» Exercise requirements: Look below for the line containing "Clip Art Dairy" and the line containing "Ordine In Blocco", then set down both and every line between them exactly, without pictures.

» Input data:
********************

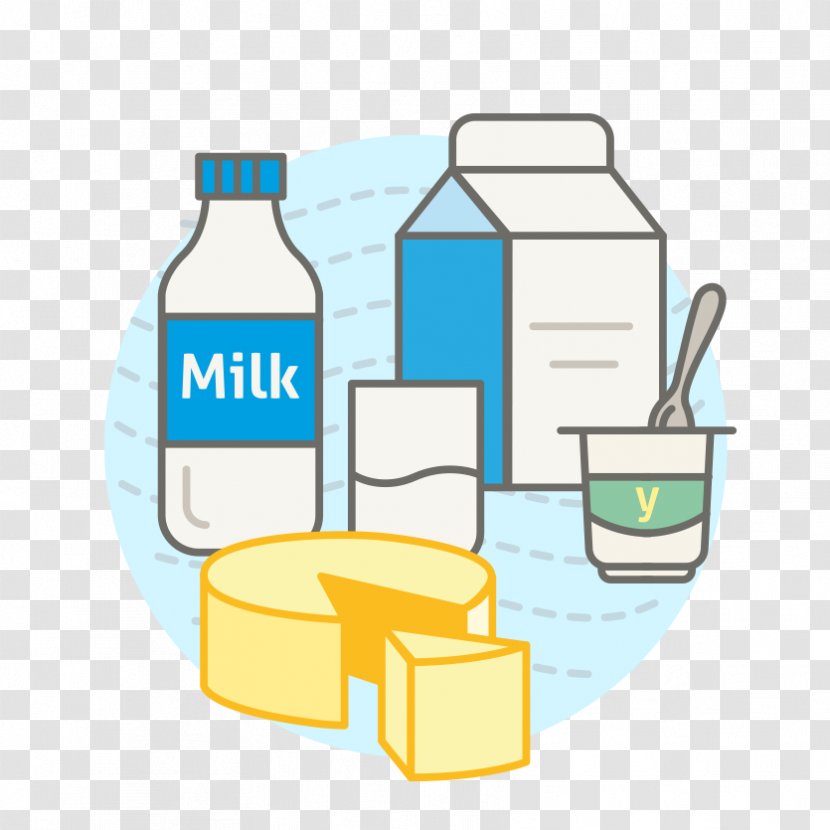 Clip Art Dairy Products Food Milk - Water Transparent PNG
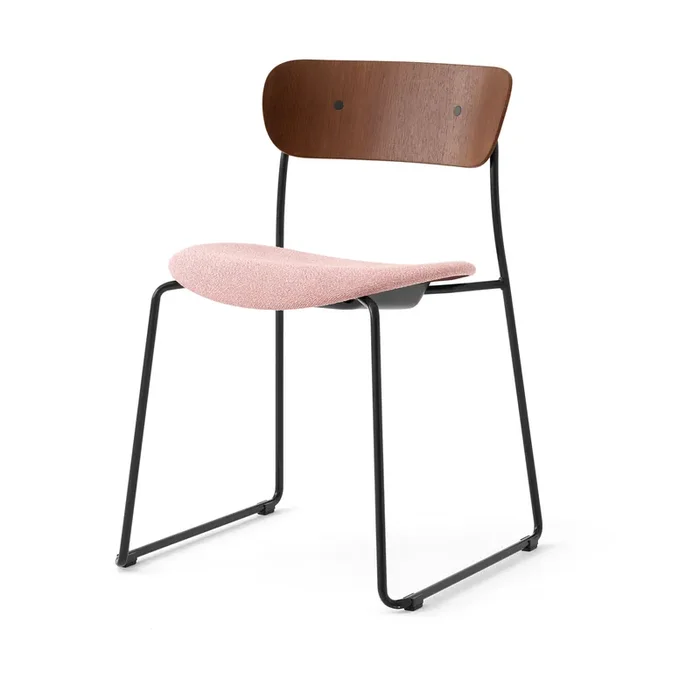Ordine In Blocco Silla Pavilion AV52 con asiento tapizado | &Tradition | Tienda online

********************

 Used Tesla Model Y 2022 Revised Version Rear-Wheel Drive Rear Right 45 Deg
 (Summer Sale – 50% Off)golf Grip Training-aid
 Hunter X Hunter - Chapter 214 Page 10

********************

» Written answer:
 Clip Art Dairy Products Food Milk - Water Transparent PNG
Ordine In Blocco Silla Pavilion AV52 con asiento tapizado | &Tradition | Tienda online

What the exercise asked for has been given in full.